Adnan has published nearly twenty books in English, including The Arab Apocalypse, regarded as “one of the most important works of literature” after the Lebanese Civil War; In the Heart of the Heart of Another Country, “a mix of prose, poetry, political insight, philosophic speculation, and historical remembrance honed to mineral perfection”; and Sea and Fog, winner of the Lambda Literary Award. She is the winner, with translator Sarah Riggs, of the 2020 Griffin Poetry Prize for collection Time. Her poetry and prose has been recognized internationally and includes the France-Pays Arabes Award, the California Book Award, the PEN Oakland/Josephine Miles Literary Award, the Arab American Book Award, and a lifetime achievement award from the Radius of Arab American Writers.
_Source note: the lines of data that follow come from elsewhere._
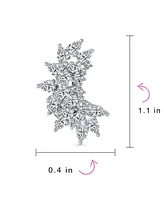 Bling Jewelry Elegant Classic Teardrop Shape Ear Crawler Clusters Cubic Zirconia Cz Leaf Clip On Earrings For Women Prom Formal Party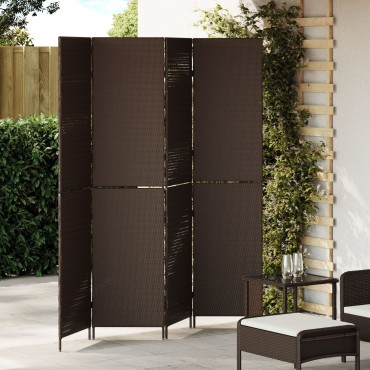 vidaXL Διαχωριστικό Δωματίου Καφέ 195x180cm συνθετικό ρατάν 1 τεμ.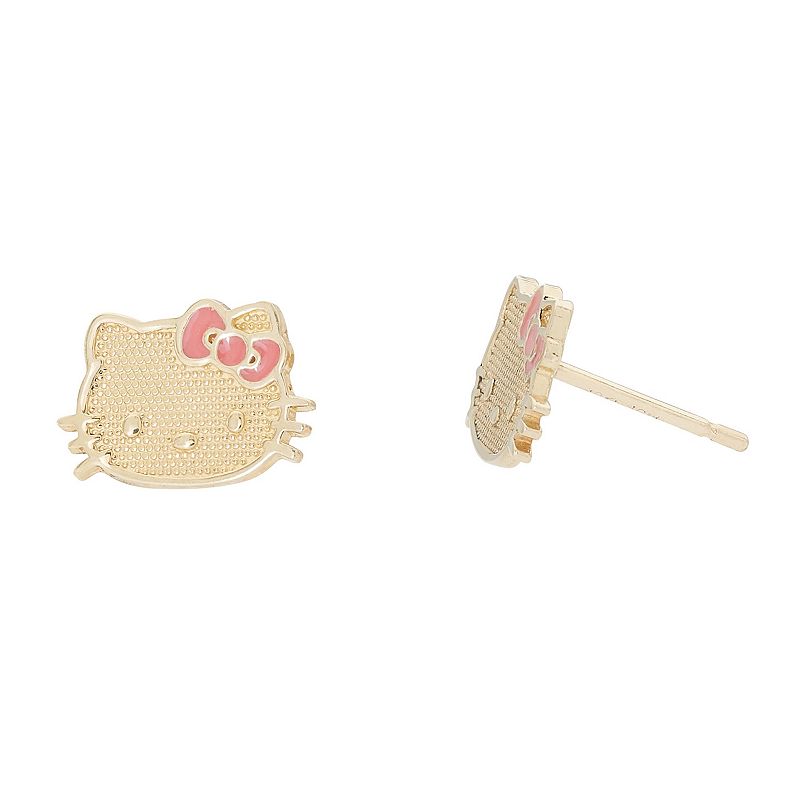 Hello Kitty 10k Gold Stud Earrings, Womens, Yellow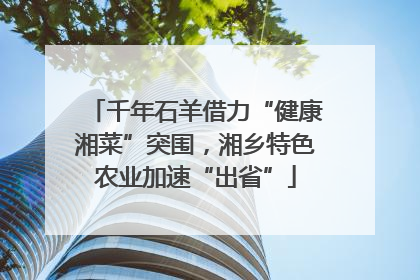 千年石羊借力“健康湘菜”突围，湘乡特色农业加速“出省”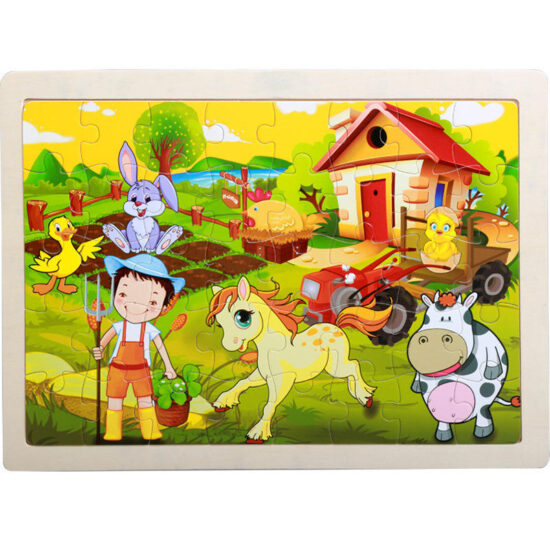 Wooden cartoon animal puzzle toy for toddlers and kids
In 2014 she was named a Chevalier des Arts et des Lettres by the French government. The same year, a collection of her paintings and tapestries were exhibited as a part of the Whitney Biennial at the Whitney Museum of American Art. MELUS, the journal of the Society for the Study of the Multi-Ethnic Literature of the United States, called Adnan “arguably the most celebrated and accomplished Arab American author writing today.”
She lived in Paris with her partner, the painter and sculptor Simone Fattal, until her death in 2021. More about Adnan is available at www.eteladnan.com.